→ Problem to work on:
Would you copy every record exactly as it stands and drop the pictures?

===============

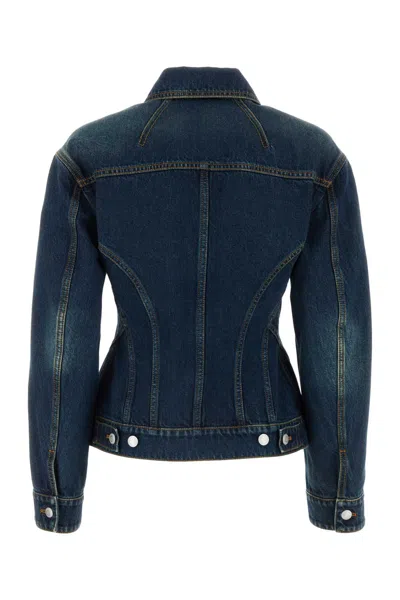 Alexander Mcqueen Mcqueen Women Denim Jacket In Blue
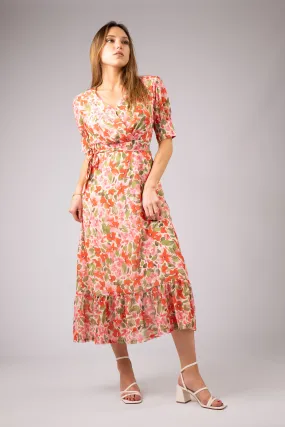 FLEUR LONG FAUX WRAP DRESS (PINK)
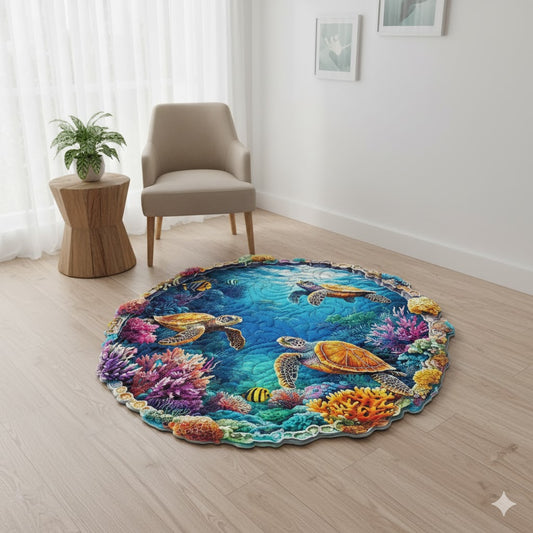 Sea Turtle Coral Reef Quilted Rug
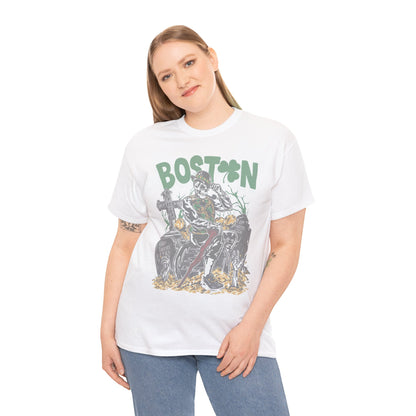 Boston Graphic Tee, Unisex Heavy Cotton T-Shirt, Vintage Boston Shirt, Irish Pride Apparel, St. Patrick's Day Gift, Casual Wear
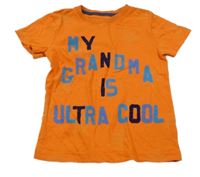 Oranžové tričko s nápisem Next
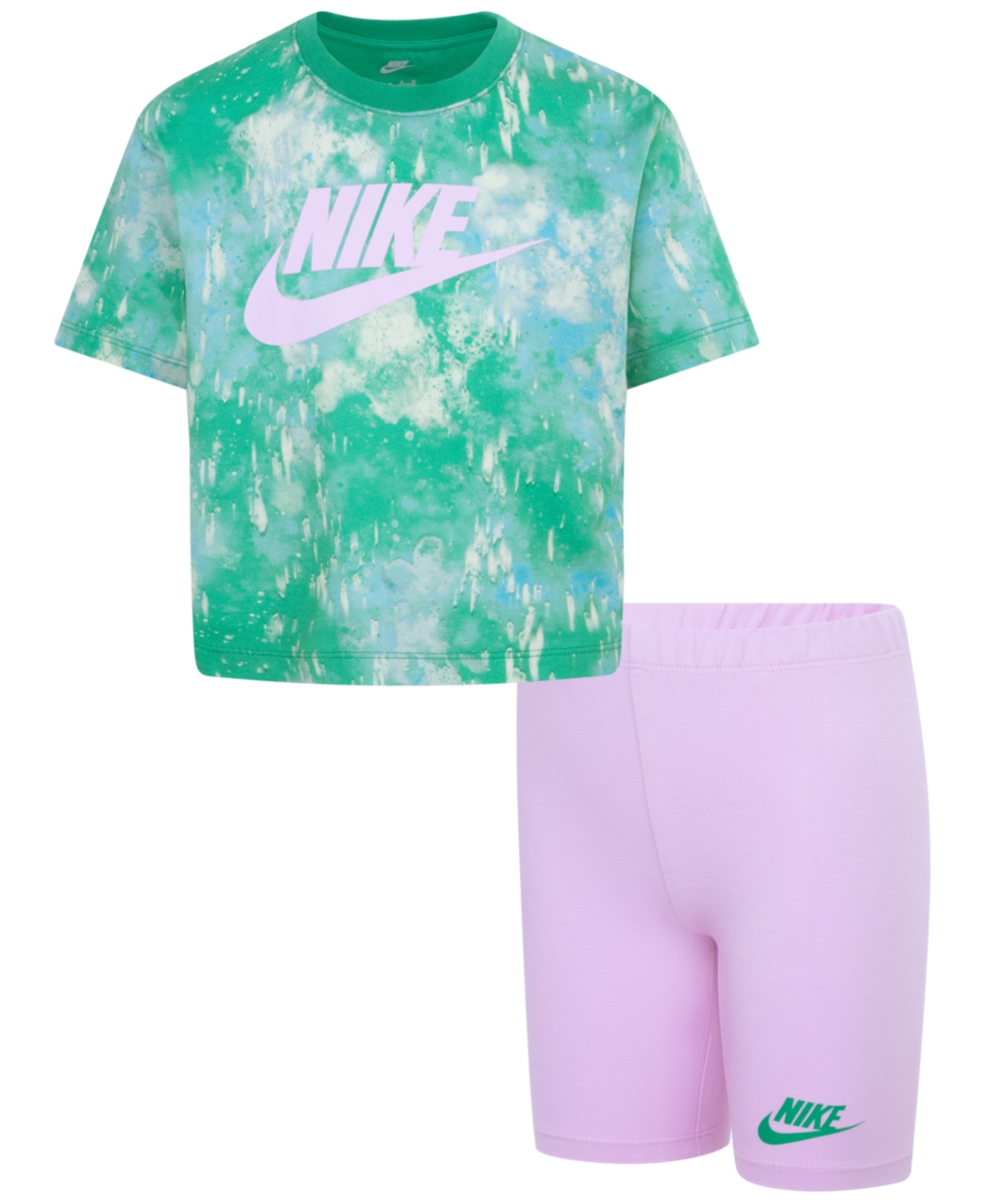 Shop Nike Little Girls Boxy T-shirt And Bike Shorts Set In Pink Rise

===============

→ Task solution:
 Alexander Mcqueen Mcqueen Women Denim Jacket In Blue
 FLEUR LONG FAUX WRAP DRESS (PINK)
 Sea Turtle Coral Reef Quilted Rug
 Boston Graphic Tee, Unisex Heavy Cotton T-Shirt, Vintage Boston Shirt, Irish Pride Apparel, St. Patrick's Day Gift, Casual Wear
 Oranžové tričko s nápisem Next
 Shop Nike Little Girls Boxy T-shirt And Bike Shorts Set In Pink Rise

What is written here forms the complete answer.